Das Konzept der ‚Nation‘ ist wiederum nicht ganz so eindeutig, wie es scheint. Grundlegend werden zwei Nationsbegriffe unterschieden: Einerseits die politische bzw. Staatsnation, die sich vor allem durch ihre äußeren Grenzen definiert;[2] es gibt zwar eine gemeinsame Verwaltungssprache, das setzt aber nicht voraus, dass alle Einwohner derselben Ethnie oder Sprachgemeinschaft angehören. Als bekanntestes Beispiel bietet sich hier der Vielvölkerstaat Österreich-Ungarn an (vgl. Langewiesche 2000:15) Auf der anderen Seite basiert die Ethno- bzw. Kulturnation auf einer (imaginären) ethnischen Abstammungsgemeinschaft, wobei diese nicht durch politische Grenzen verdeutlicht werden muss (vgl. ebd.:18). So überlebte das ethnische Polentum, obwohl der polnische Staat von 1795 bis 1918 offiziell gar nicht existierte.

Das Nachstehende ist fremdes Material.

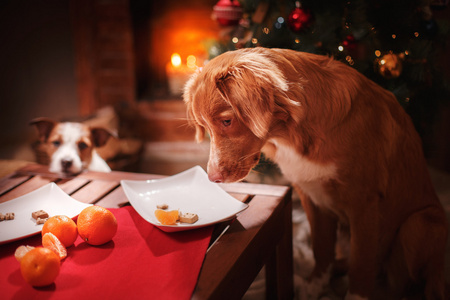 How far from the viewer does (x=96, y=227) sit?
3.10ft

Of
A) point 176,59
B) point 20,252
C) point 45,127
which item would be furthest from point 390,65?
point 176,59

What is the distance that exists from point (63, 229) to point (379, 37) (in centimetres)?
144

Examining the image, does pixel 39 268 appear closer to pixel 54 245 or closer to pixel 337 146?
pixel 54 245

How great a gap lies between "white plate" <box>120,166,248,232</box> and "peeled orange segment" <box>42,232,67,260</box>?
→ 0.75ft

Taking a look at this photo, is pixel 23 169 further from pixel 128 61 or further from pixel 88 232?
pixel 128 61

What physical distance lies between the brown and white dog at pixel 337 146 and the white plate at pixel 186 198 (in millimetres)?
102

Man ist versucht zu sagen, die Kulturnation wäre im Gegensatz zur Staatsnation ‚natürlich‘ – bezieht sie sich doch auf die gemeinsame Sprache als Hauptmerkmal. Zwar spricht auch Langewiesche (2000:19) von einer vormodernen Ethnonation, die als Basis moderner Nationalstaaten fungiert[3] – allerdings sieht er den politisch-staatlichen Verband als Kern der Nationsbildung an: Durch Reglementierung von außen werde erst ein homogenes Inneres erschaffen. Eine gleichwie geartete ‚Nation‘ sei nicht in der Bevölkerung verankert und dadurch sei das Gemeinschaftsgefühl institutionell formbar (vgl. ebd.:24). Anders gesagt: Politische Grenzen sorgen dafür, dass die Einwohner eines bestimmten Gebietes sich kulturell ähnlicher werden – unabhängig von ihrer Abstammung, denn wichtiger ist der tägliche Umgang.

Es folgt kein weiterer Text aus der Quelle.